自分は沖縄在住なのですが、関東に住んでいるいとこが沖縄に遊びに来たときに、スーパーに並んでいるお米を見たときに真空パックになっているのを見てびっくりしていました。
何気なく見ていた真空パックのお米が関東では見たことがないと言っていました。
いろいろネットでも調べてみたのですが、具体的な理由はわかりませんでした。
ぜひ調査していただき、理由がわかればと思っています。
言われてみたら、確かに沖縄のお米はカチカチの真空パック状態で販売されていることが多いような気がします。これって沖縄だけのことなんでしょうか?
ちょっと自信が無かったのでTwitterでも情報を募ってみたところ、ものすごい反響で多くの方からの情報が集まりました(38万インプレッションもあった)。頂いた意見をまとめると内地でも真空パックのお米は存在するが、沖縄みたいにほぼ全てが真空パックな訳では無い模様。「確かに言われたらそう!」という意見が多かったです。
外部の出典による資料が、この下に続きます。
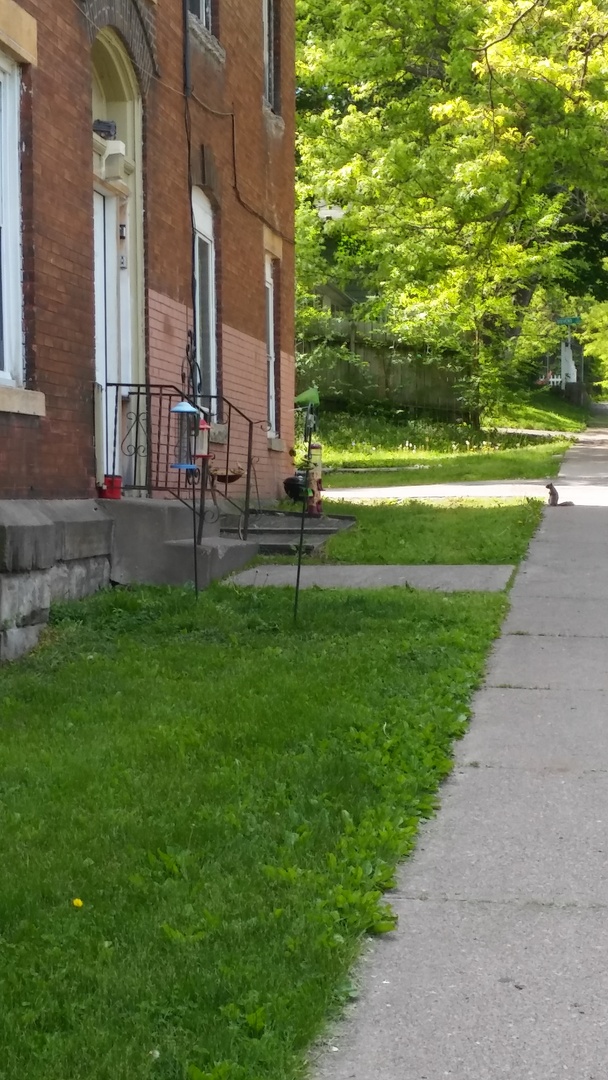 Saint Paul Apartment: 166 George St. W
そうなると次に気になるのはその理由。皆さんの推論をまとめてみると以下のように分類できました。
● 運送上のメリット説
・真空パックで固めていると船便などに積みやすい
・航空便だと気圧の関係で袋が膨らむので真空にしている
● 保存状態を良くする説
・沖縄の気候が高温多湿なのでその対策
・お米を劣化させないための工夫
● 化粧箱に入れるため
ここで出てくる「化粧箱にいれるため」というのは、沖縄の贈答品事情が関わるもので沖縄だとお中元やお歳暮に化粧箱に入れたお米を送ることが結構あったりします。化粧箱にお米を入れやすいように真空パックでカチカチにしているということですね。
化粧箱説については琉球新報の副読誌である「週間レキオ」でもインタビューを交えて紹介されています(お米のギフト、沖縄だけ!? - 週刊レキオ ~LEQUIO WORLD~)。
そう考えると「化粧箱説」がかなり有力になりますが、まだまだ釈然としない点も残ります。理由が化粧箱に入れるためだけであれば、お中元やお歳暮の時期のみ真空パックにすれば良いわけで、それだけが理由ではなさそうですよね。
というわけで、本日は「沖縄のお米はなぜ真空パックで売られているのか」その謎に迫りたいと思います。
輸送上のメリットはそこまでない
今回謎を明らかにすべくお伺いしたのは沖縄食糧株式会社。沖縄県民誰もが歌えるウェイクアップなCMソングのあの会社です。創立は1950(昭和25)年で琉球政府すらない時代。米軍政府の食糧配給機構が民営移管される形で設立されたという経緯を持ちます。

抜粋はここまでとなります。